Quando siamo partiti eravamo più numerosi ma una volta passato il confine alcuni si sono separati e siamo rimasti in 29 famiglie con 30 bambini sotto i 15 anni. Non abbiamo assistenza medica e per i casi più gravi dobbiamo recarci in una clinica di Kyaw Keh, in Myanmar. Prima della fuga mi guadagnavo da vivere facendo le pulizie in ospedale, ma ora ho perso il lavoro e ho con me solo i miei cuscini. Adesso vivo in Thailandia, appena al di là del fiume, ma presto sarò come altri costretto ad andarmene, perché ci hanno dato solo pochi giorni per completare i lavori agricoli di chi ha potuto disporre di un po’ di terreno da coltivare durante il suo soggiorno. Non è pensabile rientrare, però, perché oltreconfine il rischio è troppo alto. Devo vivere separato dalla famiglia, con i miei figli ancora in Myanmar, in fuga dai combattimenti”.

"Sono un’insegnate buddhista ma mio marito è cristiano. Il 14 dicembre, quando i militari sono entrati a Lay Kay Kaw e hanno arrestato tre miei colleghi e un membro del Parlamento insieme a quattro attivisti, io mi trovavo a scuola per l’inizio dell’anno scolastico. Non potevo tornare a casa e per questo mi sono nascosta per tre ore in un fossato con i bambini e altri insegnanti. Appena i combattimenti sono cessati, ho deciso con mio marito di andare in un villaggio più protetto, Maewahkeh, portando con noi solo un cambio di vestiti, il mio telefono, qualche libro e del denaro. Dopo due settimane, il giorno di Natale, i soldati hanno attaccato con l’artiglieria e con droni e elicotteri il campo per sfollati dove avevamo trovato rifugio. Tutto era in fiamme e con altre 200 persone siamo fuggiti verso un’area chiamata ‘Campo 1’ dove ci siamo fermati cinque giorni e poi con l’aiuto di soldati karen ci siamo spostati nella foresta, ma solo per poco tempo, perché nemmeno loro potevano garantire la nostra sicurezza. In un altro villaggio abbiamo trovato qualcuno che conosceva dei Karen già insediati in Thailandia e attraverso di loro siamo arrivati qua dove ci troviamo da un mese, nascondendoci dalle autorità thailandesi. Ci sentiamo comunque in pericolo e siamo costantemente in allerta perché non abbiamo documenti. Non so come contattare mia madre e mio fratello da cui ci siamo separati nella fuga e che so essere nascosti nella foresta vicino a Lay Kay Kaw. Intanto, come posso, continuo a portare avanti i programmi educativi online organizzati dal ministero per l’Educazione del Governo di unità nazionale, in clandestinità”.

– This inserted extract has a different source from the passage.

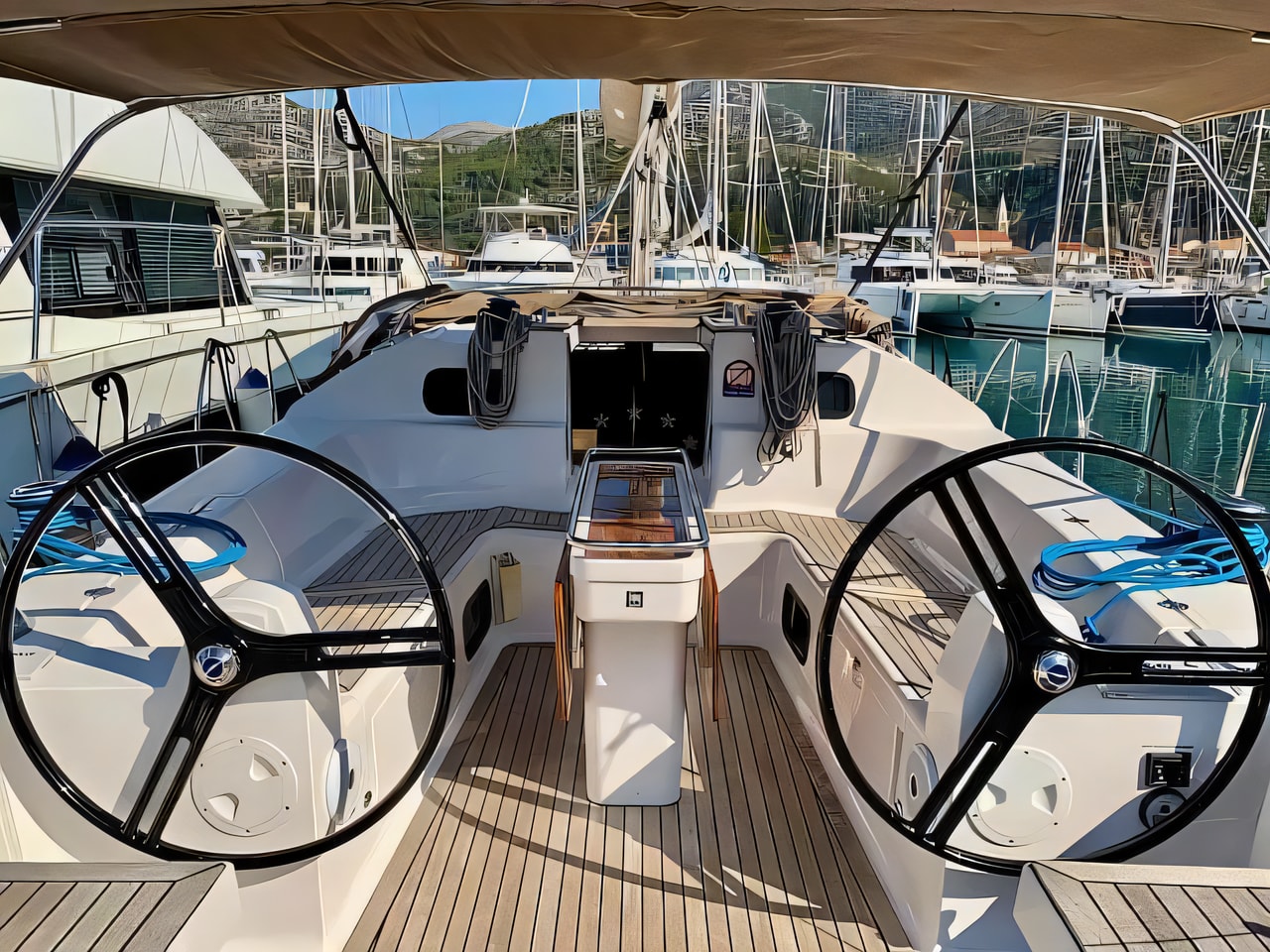 Exterior overview of Elan 45 Impression sail boat for charter from Slano ACI Marina in the Dubrovnik sailing area Croatia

“Ho 33 anni e sono una contadina. Sono cristiana e il mio villaggio si trova a pochi chilometri da Loy Kay Kaw, vicino a dove sono iniziati i combattimenti. Siamo in un territorio controllato dall’esercito karen che però spesso non interviene per non provocare ritorsioni o la perdita del raccolto per gli agricoltori. Abbiamo dovuto aspettare qualche tempo dopo essere stati portati sulla sponda del fiume, fino a quando un capo-villaggio sul lato thailandese si è impietosito e ha organizzato il nostro passaggio su una piccola imbarcazione. Ho attraversato il confine il 19 dicembre dopo giorni di combattimenti portando soltanto una borsa per me e i miei tre figli, di cui uno piccolo. Adesso siamo nascosti in una casa del villaggio con altre donne e bambini.

Ho lasciato dietro di me il granoturco e i legumi che non ho potuto raccogliere e sono preoccupata, perché se i militari birmani dovessero bruciare il raccolto io perderei il reddito di un anno.

Vorremmo tornare indietro ma chi di noi è rientrato per osservare la situazione ha visto i militari ancora più vicini e riferito che sparano alla gente. L’esercito karen ci sconsiglia il ritorno ma alcuni non hanno potuto fare diversamente per raccogliere quanto è maturato nei campi. Per noi la situazione è complicata dal fatto che io sono moglie di un soldato karen e se tornassimo a casa potremmo essere uccisi”.